Entries supplied Block Start

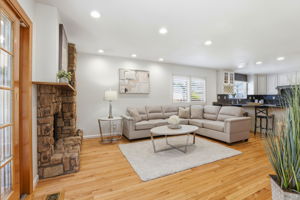 008_F8_3370 Morgan Ct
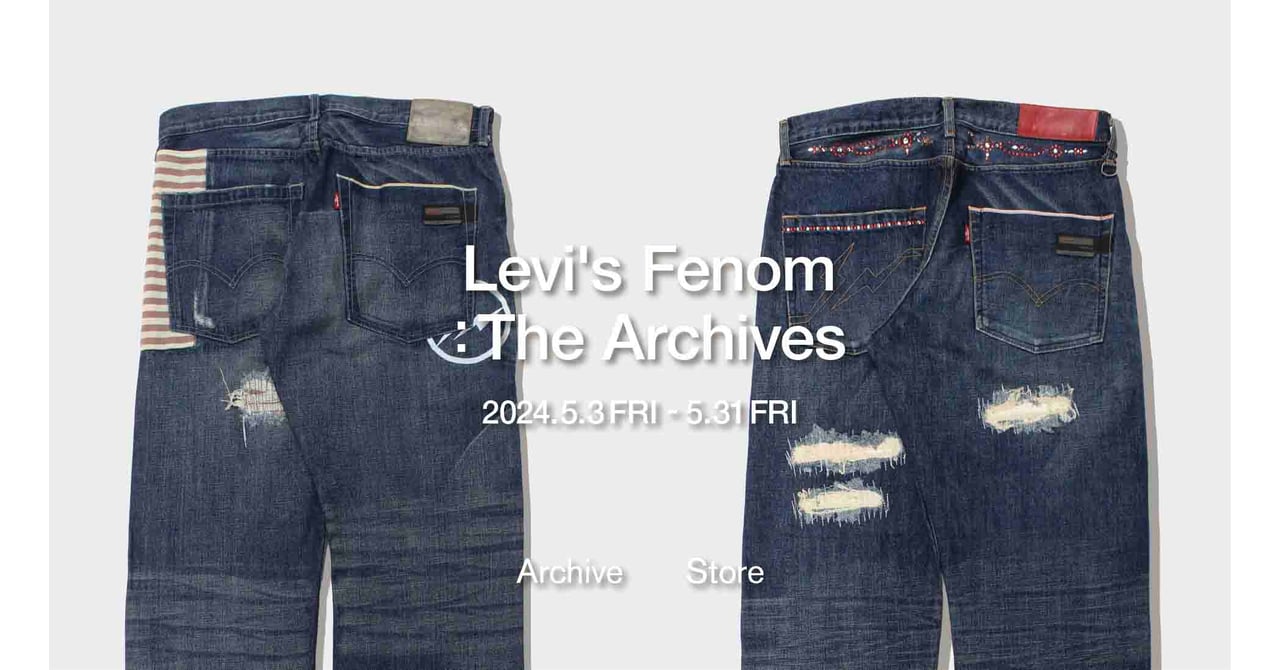 levisfenom-hiroshi240501-022-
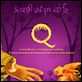 Los mundos de Coraline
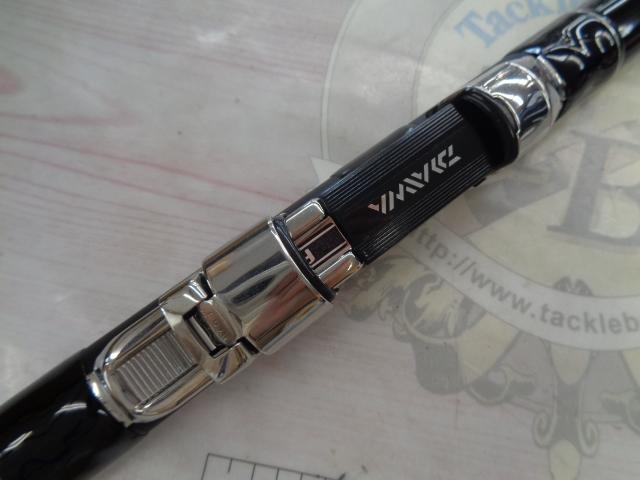 インプレッサ 1.5-53・Y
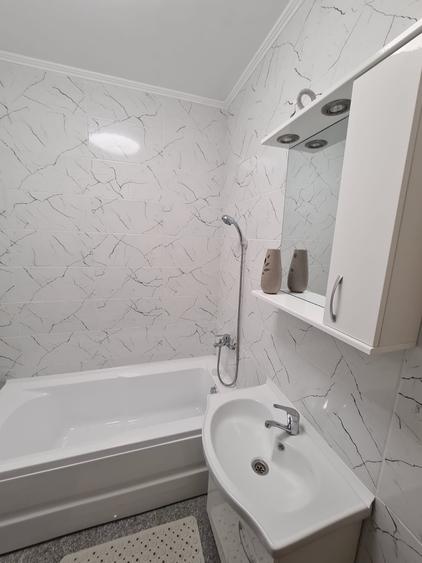 Apartament 2 camere Mamaia - Moonlight zona Vega - 450 euro - 18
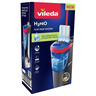 Vileda H2PrO set za čišćenje podova sa ravnim mopom
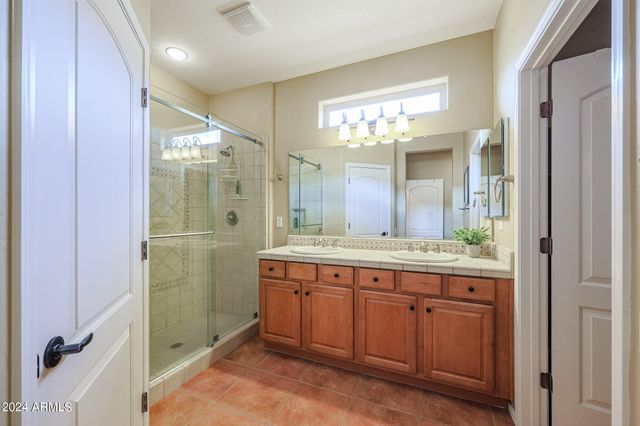 13755 W NOGALES Drive, Sun City West, AZ 85375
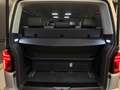 Volkswagen T6.1 Multivan Comfort 4Motion *18Zoll*LEDER*el.TÜRE*Standhzg* Šedá - thumbnail 31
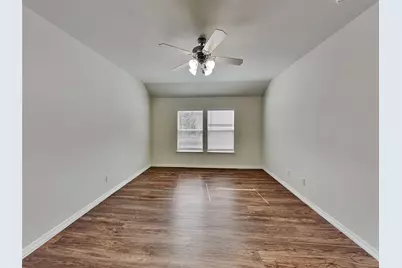 26949 Carriage Manor Lane, Humble, TX 77339 - Photo 22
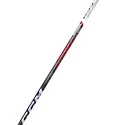 Composiet ijshockeystick CCM JetSpeed FT6 Pro Junior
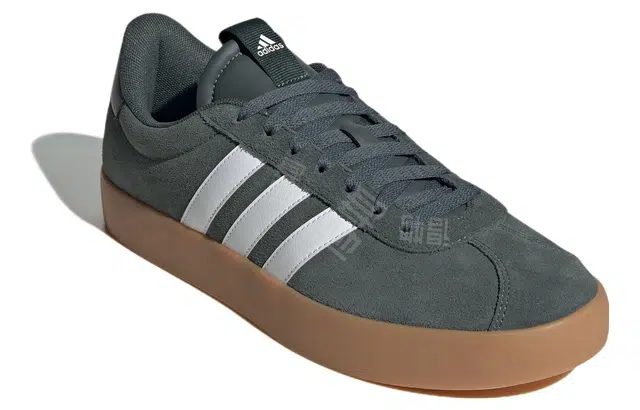 adidas Court Vl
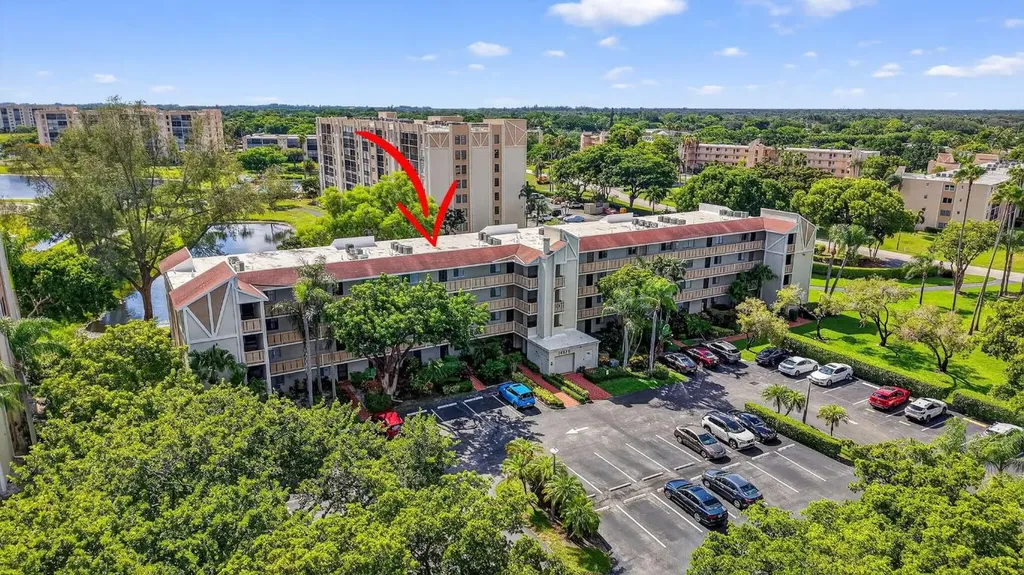 14375 Strathmore Lane Delray Beach FL 33446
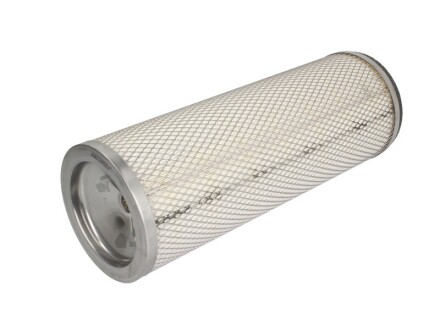 Фото 2 - Воздушный фильтр DONALDSON P539474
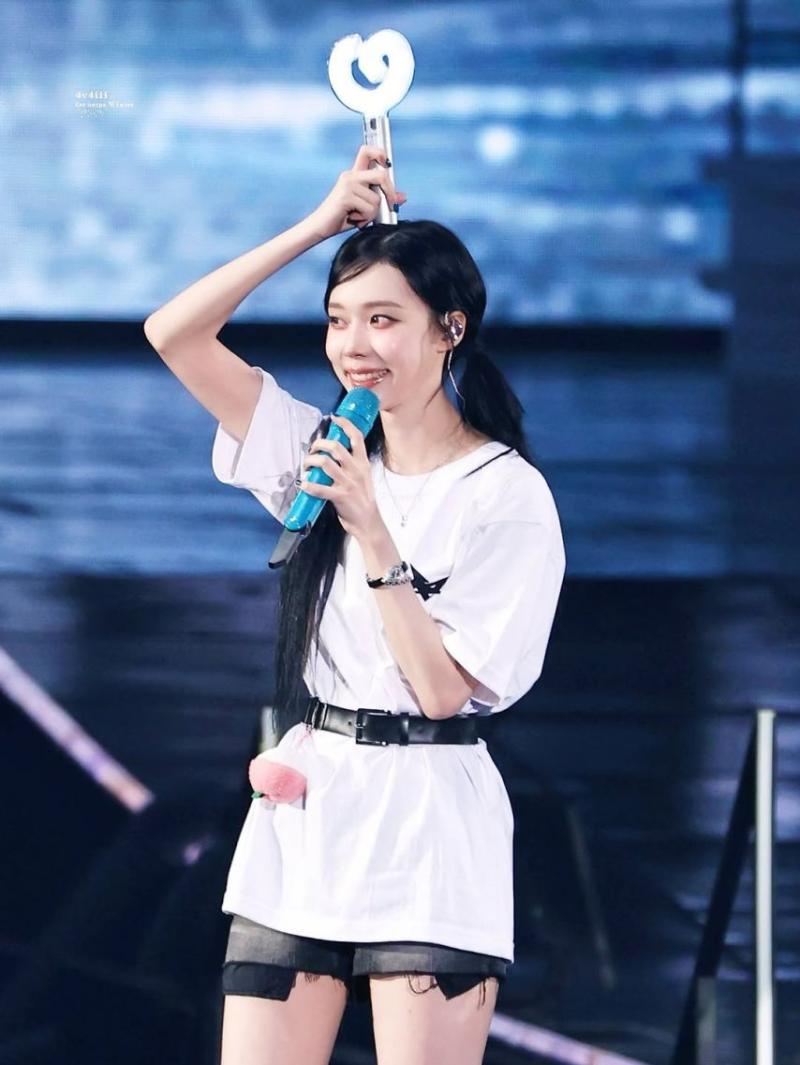 에스파 (aespa) 윈터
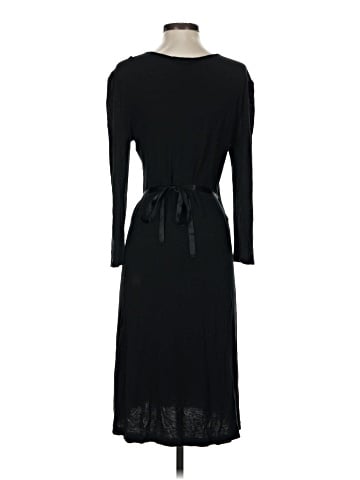Express 3/4 Sleeve Top (view 2)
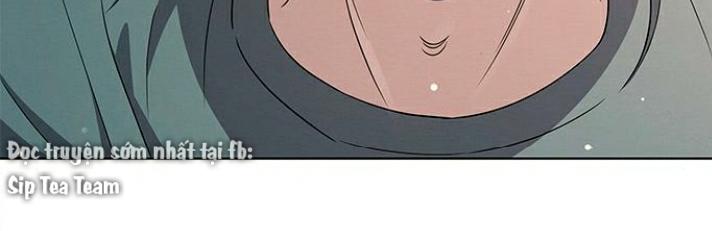 The Castle – Quỷ Nhãn Tân Nương Chapter 41 - Trang 2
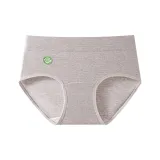 1 Pack (Light Brown Gray)  
1 Пачка (Светло-коричневый Серый)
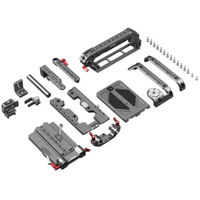 SmallRig 4571 Cage Kit für Sony BURANO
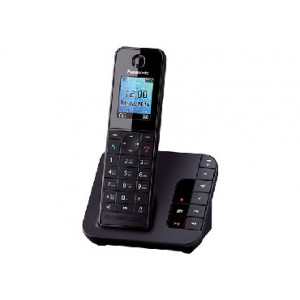 PANASONIC KX-TGH220RUB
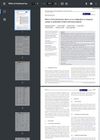Effect of Fractional Laser Alone or in Combination on Alopecia Areata: A Systematic Review and Meta-Analysis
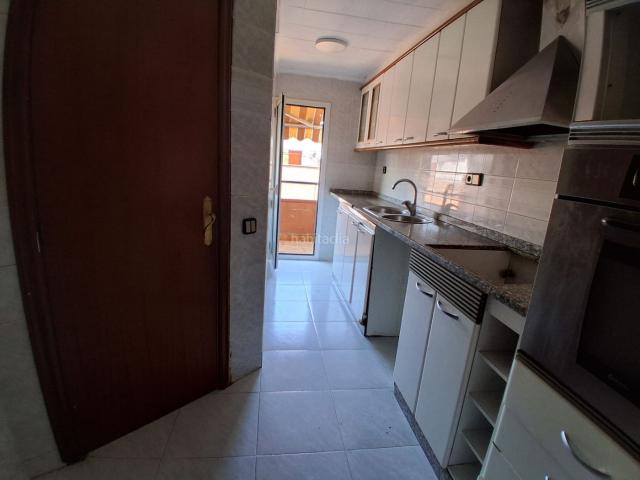 Piso en venta en Vallès Occidental, Catalunya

Entries supplied Block End

:: Your goal ::
The records above must be printed exactly, but the pictures they hold should be omitted.

:: Answer to the problem ::
 008_F8_3370 Morgan Ct
 levisfenom-hiroshi240501-022-
 Los mundos de Coraline
 インプレッサ 1.5-53・Y
 Apartament 2 camere Mamaia - Moonlight zona Vega - 450 euro - 18
 Vileda H2PrO set za čišćenje podova sa ravnim mopom
 13755 W NOGALES Drive, Sun City West, AZ 85375
 Volkswagen T6.1 Multivan Comfort 4Motion *18Zoll*LEDER*el.TÜRE*Standhzg* Šedá - thumbnail 31
 26949 Carriage Manor Lane, Humble, TX 77339 - Photo 22
 Composiet ijshockeystick CCM JetSpeed FT6 Pro Junior
 adidas Court Vl
 14375 Strathmore Lane Delray Beach FL 33446
 Фото 2 - Воздушный фильтр DONALDSON P539474
 에스파 (aespa) 윈터
Express 3/4 Sleeve Top (view 2)
 The Castle – Quỷ Nhãn Tân Nương Chapter 41 - Trang 2
 1 Pack (Light Brown Gray)  
1 Пачка (Светло-коричневый Серый)
 SmallRig 4571 Cage Kit für Sony BURANO
 PANASONIC KX-TGH220RUB
Effect of Fractional Laser Alone or in Combination on Alopecia Areata: A Systematic Review and Meta-Analysis
 Piso en venta en Vallès Occidental, Catalunya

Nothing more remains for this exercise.